Il mondo, infatti, nel suo cammino, richiede una crescente quantità di
beni materiali, di "cose" fisiche, le uniche veramente necessarie per
soddisfare i bisogni di una popolazione mondiale in continuo aumento.
Qualsiasi fenomeno economico e sociale, qualsiasi attività di
produzione e "consumo" di beni materiali e di servizi, comporta un
flusso di materie e di energia che comincia nell'ambiente naturale,
passa attraverso la singola abitazione, la fabbrica, il campo coltivato, la
città, il territorio antropizzato - la tecnosfera - e ritorna, più o meno
presto, nei corpi riceventi naturali sotto forma di materia gassosa,
liquida o solida, delle scorie delle attività di produzione e consumo.

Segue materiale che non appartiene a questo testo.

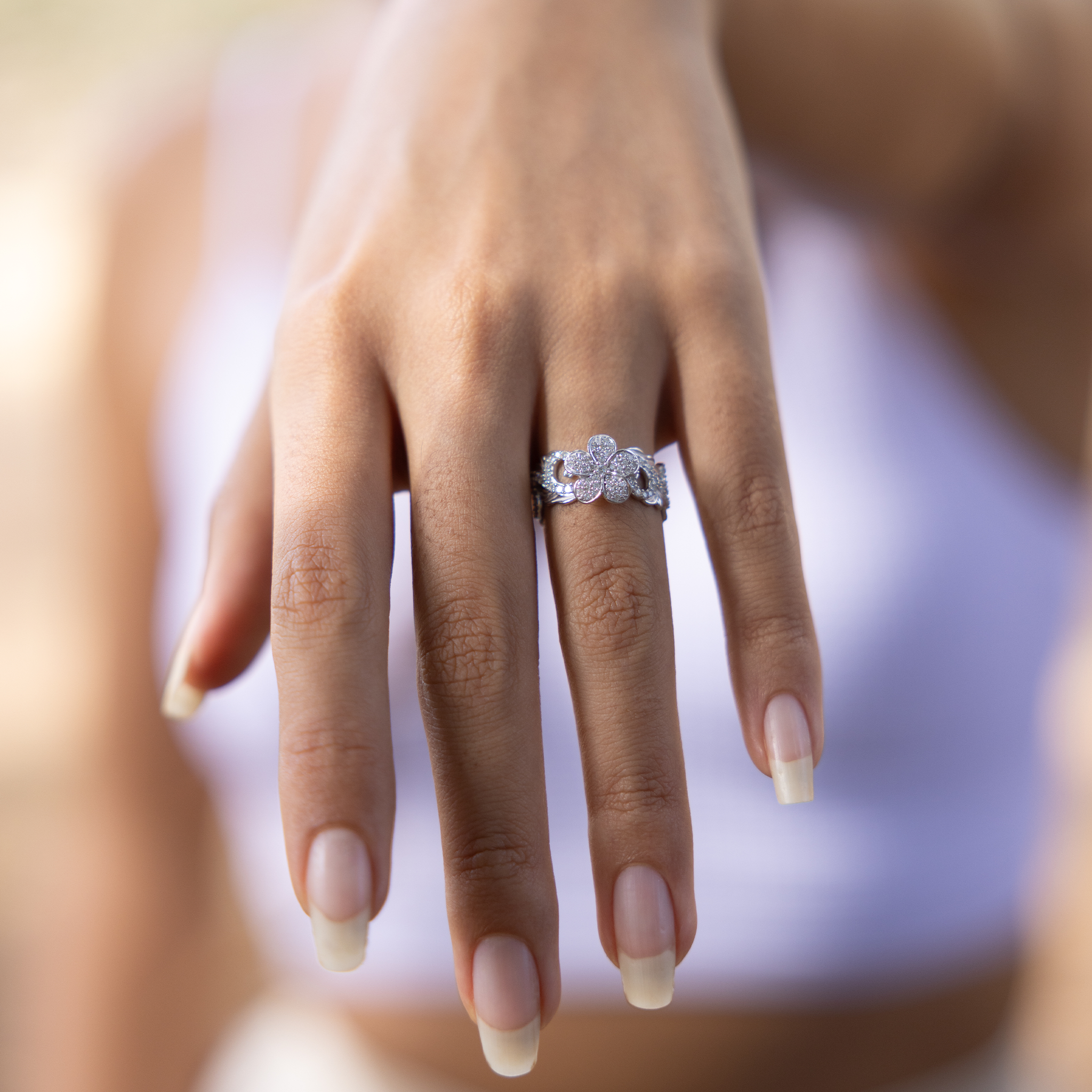 Hawaiian Heirloom Plumeria Ring in Weißgold mit Diamanten – 10 mm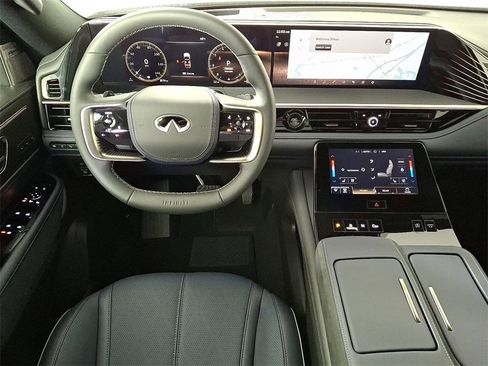 New 2026 INFINITI QX80 4WD image 9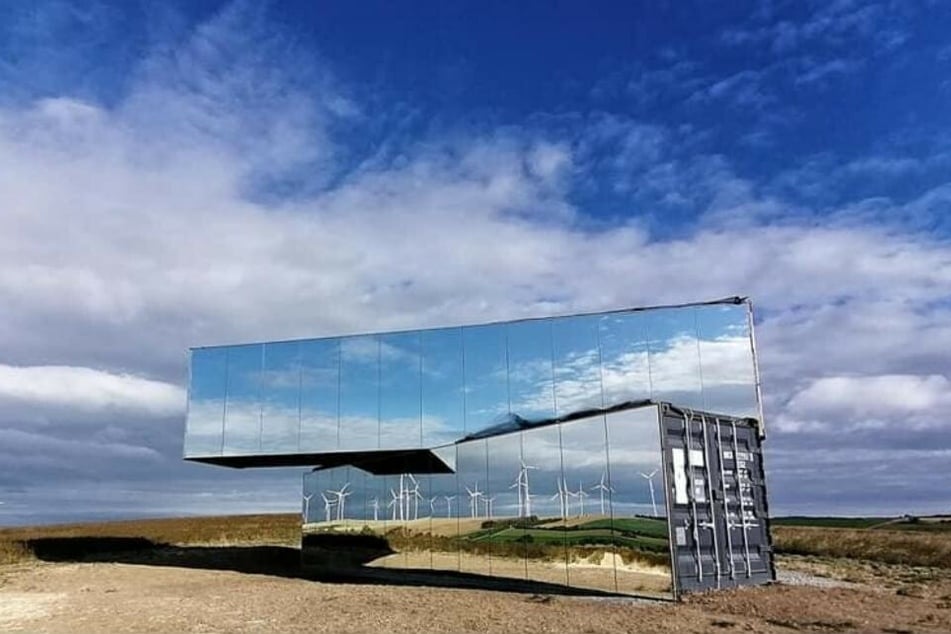 Die Spiegelarche steht auf einem Feld im thüringischen Roldisleben nahe Rastenberg.
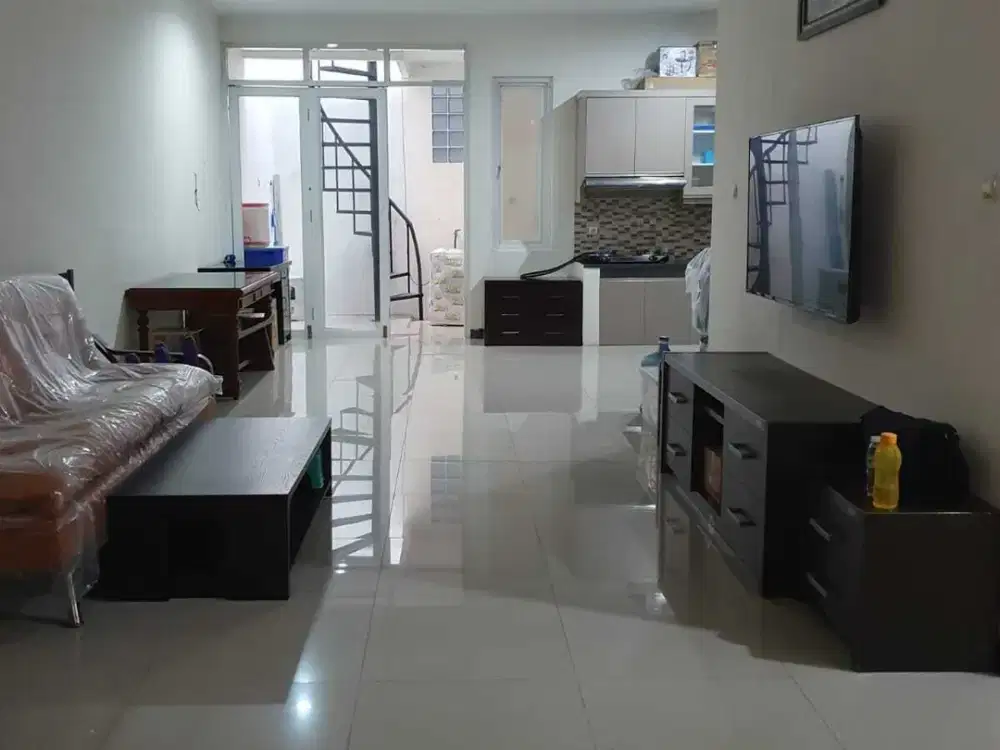 Rumah 2 Lantai TKI V Taman Kopo Indah 5 Sommerville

Siamo, insomma, di fronte ad una circolazione:
natura-produzione-merci-"consumo"-natura, una vera e propria storia
naturale delle merci, tanto che si deve ormai parlare di produzione di
merci a mezzo di natura.
L'affermazione vale anche per i servizi, i quali sono sempre,
direttamente o indirettamente, legati ad una circolazione di materia: la
nota immagine di un mondo immateriale o virtuale è abbastanza
ingannevole, se tende a far credere che la società del futuro non avrà
bisogno (o avrà meno bisogno) di materiali. Così come è ingannevole il
termine "consumo", perché in realtà ciascuna persona non "consuma" gli
oggetti che usa, ma ne trasforma la materia e l'energia in altre forme,
dissipate nell'ambiente naturale circostante.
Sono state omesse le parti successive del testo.